Jordan Fischbach from RAND presents Louisiana’s adopted plan to reduce damage from future natural disasters. (Stephanie Yang/Medill)

WASHINGTON – In light of severe storms and hurricanes in recent years, the RAND Corporation, a major national security think tank, offered a $50 billion  master plan Wednesday for reducing flooding and damages in coastal areas. The funding to support such a plan, however, is still uncertain.

Natural disasters such as Hurricane Katrina, Hurricane Irene and, most recently, Superstorm Sandy, have become increasingly frequent and costly. Yet grants from the Federal Emergency Management Agency that provide disaster preparedness were cut 43 percent in the last two years, according to published reports.

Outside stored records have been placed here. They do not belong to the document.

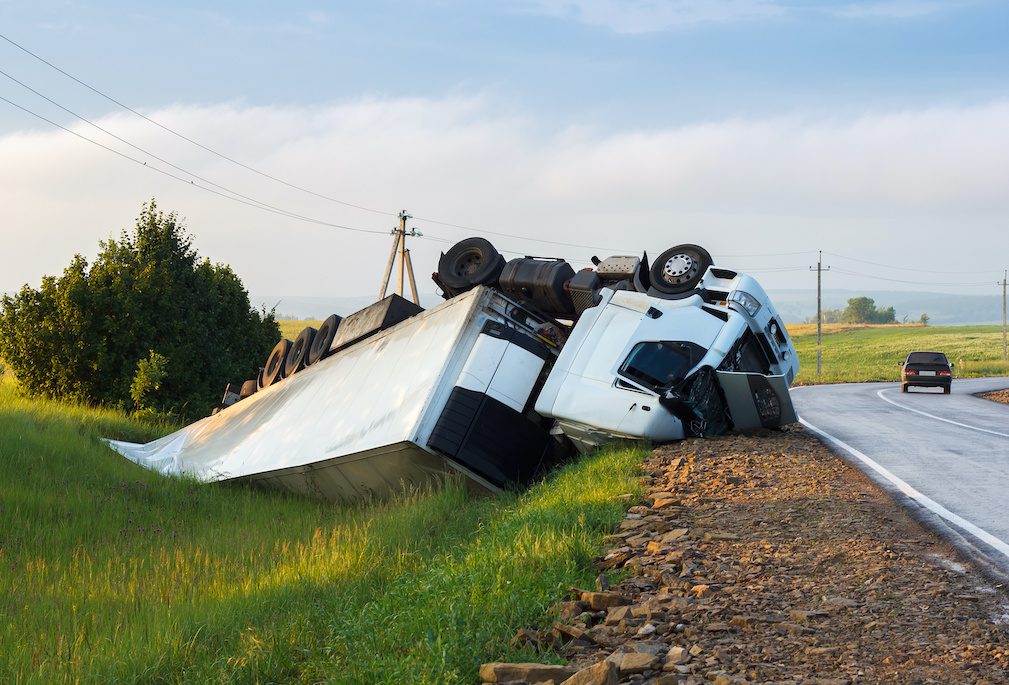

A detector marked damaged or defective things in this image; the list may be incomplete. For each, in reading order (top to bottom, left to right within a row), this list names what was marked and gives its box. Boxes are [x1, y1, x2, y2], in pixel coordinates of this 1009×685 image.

overturned white truck [108, 243, 796, 500] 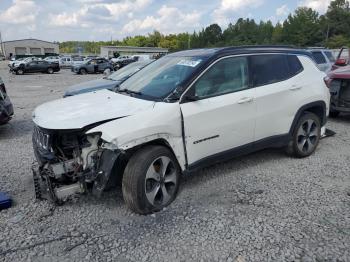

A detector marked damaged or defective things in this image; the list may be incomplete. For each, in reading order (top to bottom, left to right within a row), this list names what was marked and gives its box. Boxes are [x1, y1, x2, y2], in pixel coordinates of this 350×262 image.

crushed front end [31, 125, 121, 205]
crumpled hood [63, 79, 121, 97]
crumpled hood [33, 89, 154, 130]
damaged white suv [31, 47, 330, 214]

Jordan Fischbach, an associate policy researcher at RAND, presented several measures that Louisiana adopted in response to the hurricane season of 2005. These measures include coastal restoration, software tools to determine individual projects and building levees.

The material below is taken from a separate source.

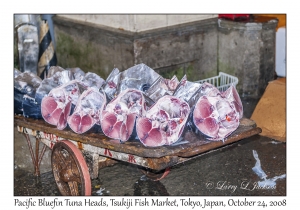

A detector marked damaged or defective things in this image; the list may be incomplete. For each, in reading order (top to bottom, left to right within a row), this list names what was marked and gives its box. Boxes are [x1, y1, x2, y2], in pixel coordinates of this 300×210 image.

“[Hurricane Katrina and Hurricane Rita] spurred the state into action,” Fischbach said.

Fischbach said a RAND master plan was passed unanimously by Louisiana legislature, and advocates similar plans for other coastal regions. He said Congress can apply lessons from Louisiana on a nationwide basis, although some areas still will need to be assessed as individual states.

“[It’s] an approach that has a lot of relevance for other regions… especially after Superstorm Sandy,” he said.

To cover the cost of the $50 billion plan, which is spread over 50 years, Fischbach said the first major increments would come from oil company BP as well as revenues derived from leasing oil and gas. Beyond that, Fischbach described the remaining costs as “an investment in some of these projects” that has not been taken on by any federal agency.

“Certainly there’s been federal investment in the past … but never at this scale,” he said. “From the federal perspective those are mainly unanswered questions.

“… There’s value to investment, even if we have to adapt in the future and start to retreat,” he said.